GENEVA (Aug. 22)
Anti-Semitism is no longer one of the “major or grave” issues facing the Jewish people today, and is “much reduced from what it was before the time of Hitler, ” Rabbi Seymour J. Cohen, of Chicago, president of the Synagogue Council of America, declared here this weekend. He made the statement in a press conference at the conclusion of a five-day parley held here under the auspices of the World Council of Churches, with 19 Christian and 10 Jewish leaders present from the United States, Europe and Israel.
Rabbi Cohen rejected the accuracy of reports holding that there has been a resurgence of anti-Semitism in Europe.

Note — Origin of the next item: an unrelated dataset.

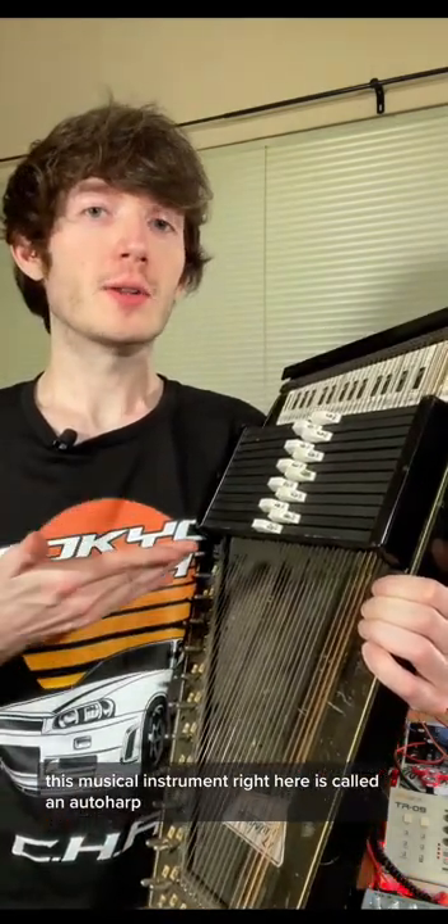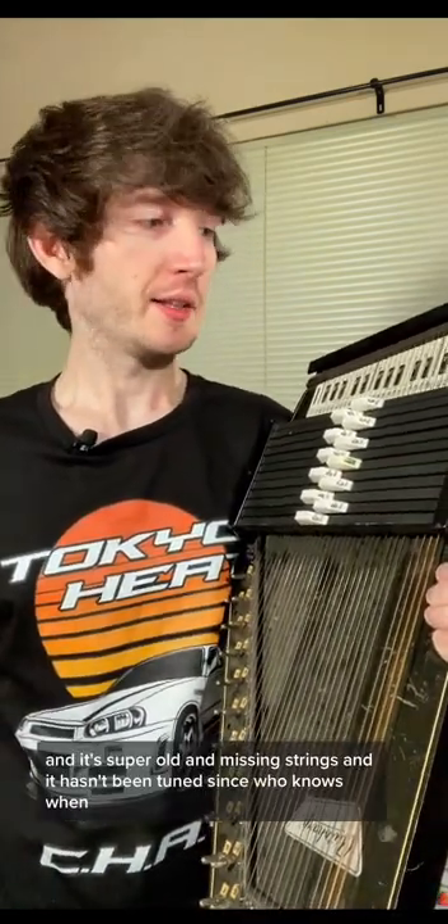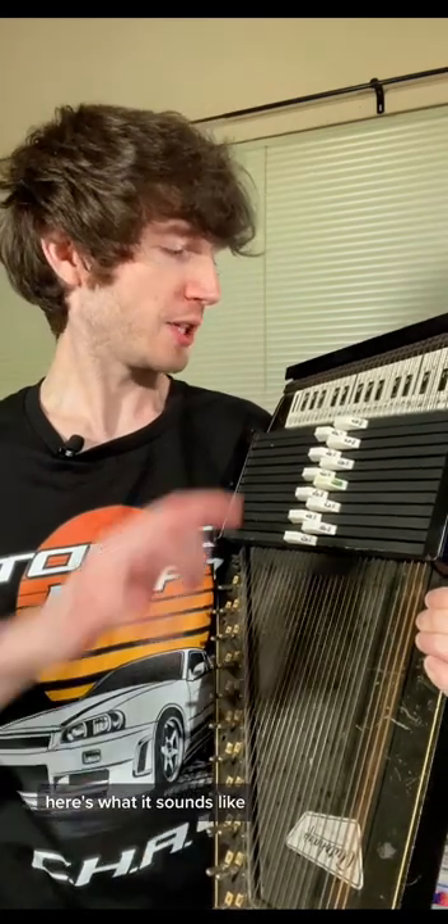This musical instrument right here is called an auto harp. It's supposed to be a very pretty musical instrument, but because I got mine at a garage sale, it's super old and missing strings, and it hasn't been tuned since who knows when — it sounds perfect for horror films. Here's what it sounds like.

He said that those reports stem often from the fact that, once in a while, some “idiot” paints an anti-Semitic slogan or desecrates a Jewish cemetery. He warned, however, that the fact that anti-Semitism was not a “grave” problem does not mean there were not still “some cesspools of hate which still have to be sealed off.”
Another of the Jewish representatives at the conference, Rabbi Balfour Brickner, representing the Reform movement in the United States, said that the fact that anti-Semitism had “barely been mentioned during the Christian-Jewish discussions here was indicative of that subject’s true place in the scale of values.” Rabbi Cohen, as president of the Synagogue Council of America, represented all three major Jewish denominations in the United States–Reform, Orthodox and Conservative.
Only one representative was present from a Communist country. He was Chief Rabbi Moshe Rosen, of Rumania. He assured Rabbi Cohen that the 120,000-member Jewish community of Rumania lived in an “easier atmosphere” than did the Jews in the Soviet Union or in other East European countries.